Last week the results of that poll were released on the Fifth Anniversary of the Edsa 2 event, which was not celebrated, ocmmemorated or even MENTIONED by President Gloria Macapagal Arroyo, its principsal beneficiary. The attitudes of Filipinos to the various "People Power" events of the post-Marcos era thus have a poignant relevance to current and future events. Dr. Ana Maria L Tabunda gives the Highlights of Pulse Asia's periodic Ulat ng Bayan (National Report) --
As the country commemorates the January 2001 People Power exercise, survey findings show that a big plurality of Filipinos (42%) did not favor this or any of the other “People Power” rallies that ousted or attempted to oust the country’s president – a sentiment that is most pronounced in the Visayas (50%) and in Mindanao (55%).
Their results were summarized in Table 1 at the Pulse Asia site and reproduced below:

Republic Manila Luzon Visayas Mindanao ABC D E
People Power 1
(Feb. 1986)
Marcos ousted.
36 % 45 % 42 % 34 % 21 % 55 % 35 % 32 %
People Power 2
(Jan. 2001)
Estrada ousted
10 % 17 % 9 % 10 % 6 % 16 % 10 % 8 %
People Power 3
(May, 2001)
GMA not ousted.
8 % 8 % 9 % 6 % 6 % 6 % 8 % 7 %
"Others" 9 % 7 % 8 % 6 % 14 % 7 % 8 % 10 %
Did Not Favor Any
People Power Rally
42 % 35 % 34 % 50 % 55 % 28 % 42 % 46 %
TOTALS 105 % 112 % 102 % 106 % 102 % 112 % 103 % 103 %


This is because this Pulse Asia survey allowed respondents to make MULTIPLE ENTRIES, since indeed, many who participated in Edsa 1 also evidently participated in Edsa 2. But this makes for double counting those favoring the people power rallies to unseat Presidents. I don't like this survey design for that reason.
Pulse Asia described the data in the table above in bold type:

Filipinos did not favor “People Power” exercises."

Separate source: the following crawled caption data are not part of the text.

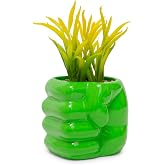 Marvel Comics Hulk Smash Hand 3-Inch Ceramic Mini Planter with Artificial Succulent | Cute Small Flower Pot, Faux Indoor Plant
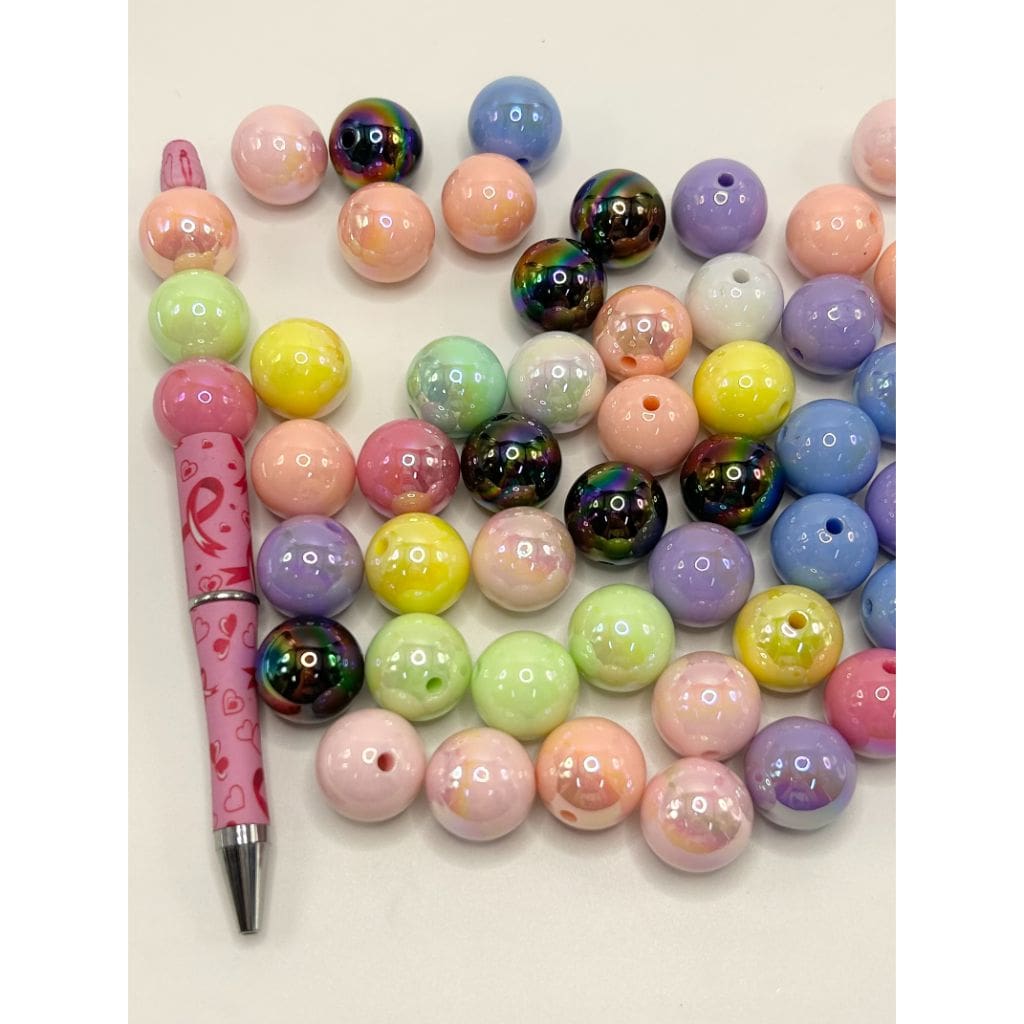 Glossy Acrylic Beads UV Plating 18mm, Random Mix Color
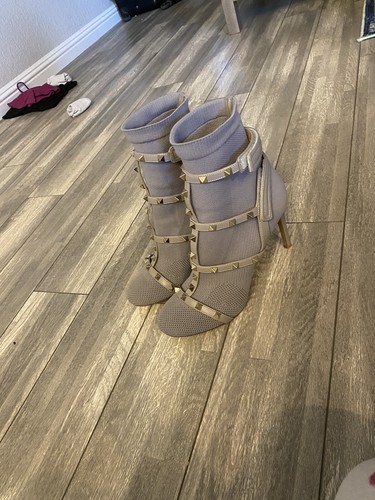 Valentino Gray Leather Gold Rockstud Harness Booties  Sock Size 38 $1375 Retail!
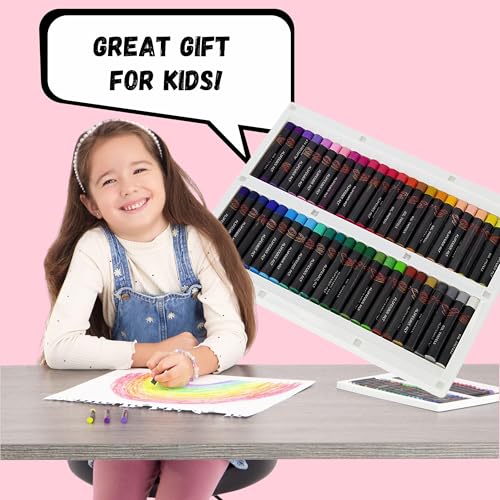 Oil Pastels for Kids - 48 Color Pastels for Kids - Perfect Classroom Art Supplies - Easy to Blend with Vibrant Colors - style: Kids
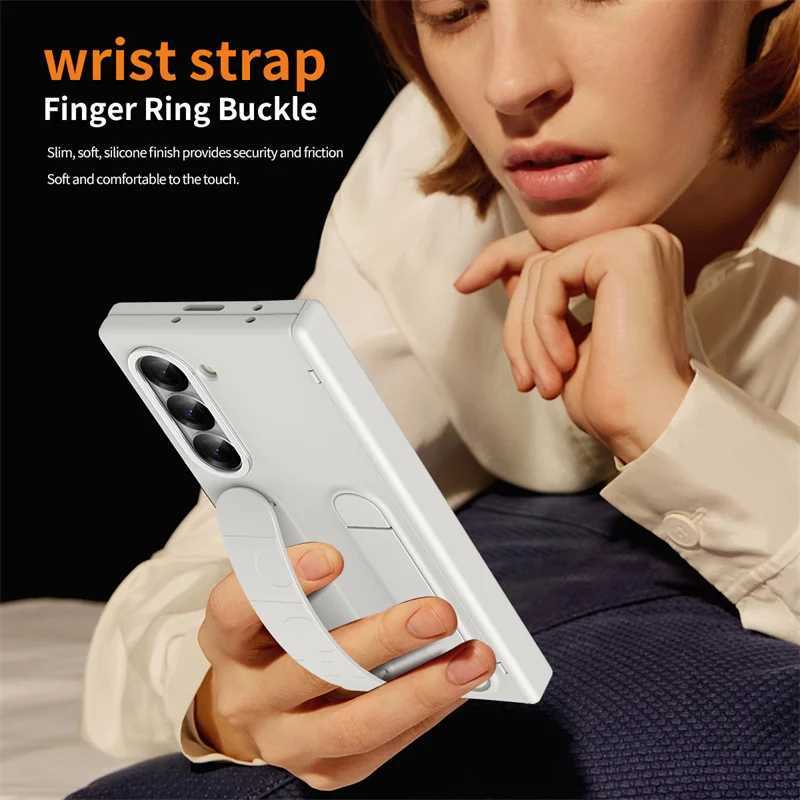Hot Sale Wristband holder hinge phone case for Galaxy Z Fold 6 5 4 3 with pen slot and S pen screen protector cover T241209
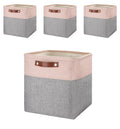 Mangata Fabric Storage Cubes - Set of 4 Kallax Baskets, Grey Pink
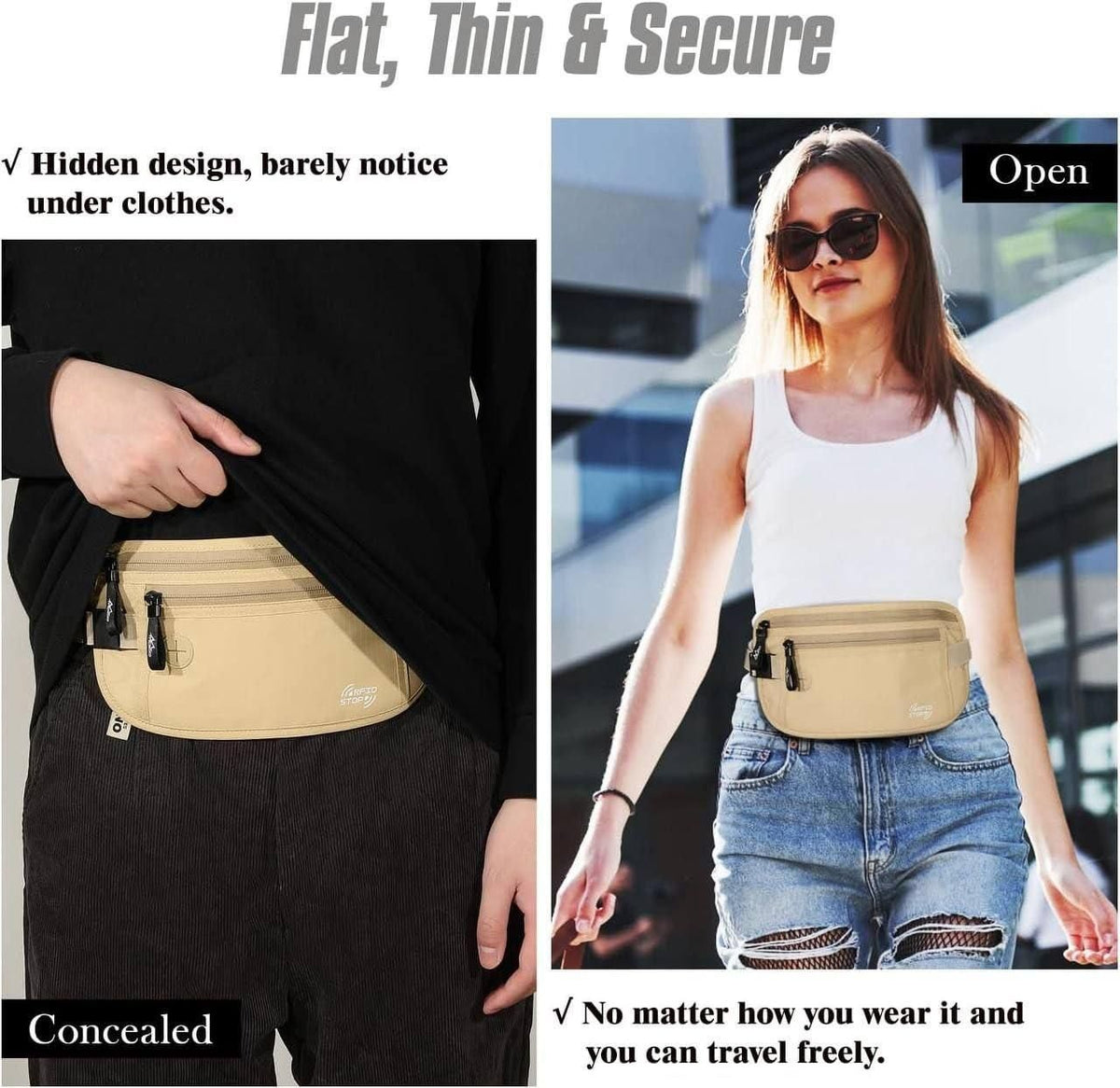 Waist pouch worn flat under clothing or openly over a top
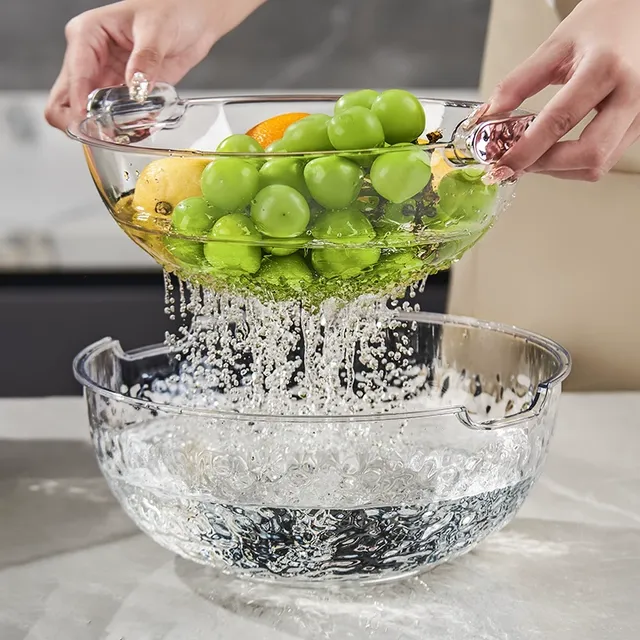 波纹淘菜盆沥水篮子新款厨房家用果盘洗水果洗菜双层淘米神器滤水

While this statement is certainly true, the data of Table 1 really supports an even stronger conclusion: When taken one people power event at a time, there was never a MAJORITY of Filipinos "favoring" that event. It is a little misleading in my opinion, for Pulse Asia to add up the percentages the way they did, coming to a conclusion that a "plurality" did not favor the People Power rallies.

I am also wondering about the category "Others" that was included in the list of choices for the respondents. Since the survey question was "Which of the following protests or "People Power" rallies that overthrew or tried to overthrow a president did you favor?" this can only refer to rallies trying to unseat Fidel Ramos, the only President who was not being unseated in People Powers 1, 2 or 3. Logically speaking, there shouldn't have been this category at all, and that these 9% of the respondents already indicated they did not favor People Power 1, 2 or 3 since they did not choose those options. In other words, it seems to me, the data in Table 1 indicates that an ABSOLUTE MAJORITY of51% (42% + 9%) did not favor ANY of the people power rallies as a means of ousting a President.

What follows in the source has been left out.